Candidly, the only “legacy thinking” that I believe still gets in the way of responsible AI deployment is the notion that responsible AI is something new and unique; that it has sprung up because of AI. There is an organisational conduct and culture that lays the foundation for the values and ethics an organisation adheres to.
For instance, our Board has adopted a Group Code of Conduct and Ethics relating to the lawful and ethical conduct of business, supported by our valued behaviours. The only time ‘being responsible’ gets in the way of scaling AI is when responsibility is applied in the wrong way.
For added context, we’ve adopted AI and digital tools across various functions to remain competitive in financial services for a number of years. Our approved AI use cases are deployed in domains such as client engagement, operational efficiency, risk management, client onboarding, employee engagement, management reporting, and talent acquisition.
We’ve had a formal Responsible AI governance framework in place for several years, led by a dedicated team within the Chief Data Office that centrally oversees all AI use cases. Our approach aligns with established industry standards, including the MAS FEAT and HKMA BDAI guidelines, which are benchmarks among banking regulators. This alignment helps ensure compliance with ethical and regulatory standards, and supports readiness for evolving industry requirements.
How do you decide which AI use cases to pursue internally versus sourcing externally?
Choosing whether to develop AI use cases internally or source them externally revolves around the classic build-versus-buy decision: weighing factors such as intellectual property, speed to market, ownership, support, and commercial implications. The choice is highly contextual and must consider the strategic importance of the use case, data sensitivity, and regulatory complexity.
Internal development may be preferred for core capabilities that provide a competitive advantage or require close integration with proprietary data and systems. Externally sourced solutions may be more suitable where requirements are less unique, rapid deployment is critical, or where leading-edge innovation is needed that would be difficult to replicate internally.
Organisations should evaluate each use case based on criteria such as alignment with business strategy, control requirements, total cost of ownership, scalability, and the ability to maintain or adapt the solution over time.
In what scenarios is explainability still non-negotiable, and where is that bar shifting?
Explainability remains non-negotiable in scenarios involving material impact, explicit legal or regulatory requirements, and where decisions affect customers or markets. The bar is shifting, as explainability now spans a spectrum tailored to different stakeholders rather than being a fixed requirement.

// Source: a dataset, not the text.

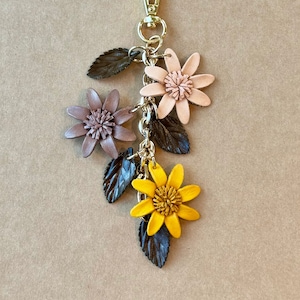 K&ouml;nnte beinhalten: Ein floraler Schl&uuml;sselanh&auml;nger mit einem goldfarbenen Verschluss. Der Schl&uuml;sselanh&auml;nger zeigt drei Lederblumen in Rosa- und Gelbt&ouml;nen mit dunkelgr&uuml;nen Bl&auml;ttern. Der Text "NATURALLY MUTED" steht oben.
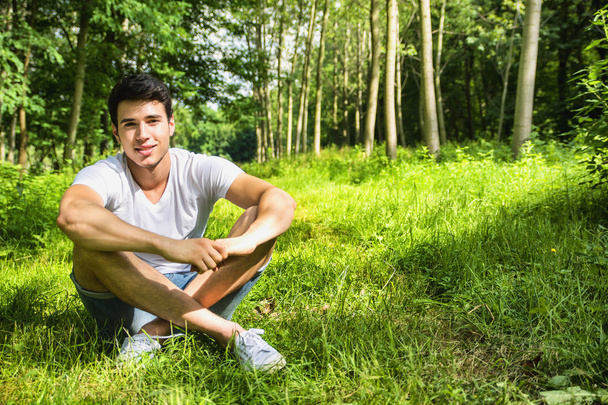 Fit handsome young man relaxing lying on lawn grass - Fotó, kép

Increasingly, we are recognising that explainability in financial services ultimately refers to the ability to identify, explain, and manage risk, and not just to provide technical insights into model behaviour.
What blind spots do you think regulators and banks still share when it comes to AI governance?
We are continuously uncovering new insights and understandings brought forward by AI, which highlights the importance of focusing not only on the technology itself, but also on the insights it reveals and the impact it may have on underlying processes. Jurisdictional risk also arises from diverging international regulations, including differences in the pace and scale of adoption, conflicting rules, and extraterritorial or localisation requirements related to data, AI, capital, and revenues. This makes it challenging for regulators and banks to strike the right balance between capturing the real substance of AI without over-prescribing methods. It is not necessarily just about the ‘how’, but also the ‘what.’
We mitigate this risk by actively monitoring regulatory developments, including those related to AI, digital assets, sustainable finance, and ESG, and by responding to consultations either bilaterally or through well-established industry bodies. We track evolving country-specific requirements and work closely with regulators to support key initiatives, such as the recent MAS Pathfinder Programme. We also engage with policymakers and regulators on AI-related issues as part of our broader regulatory dialogue.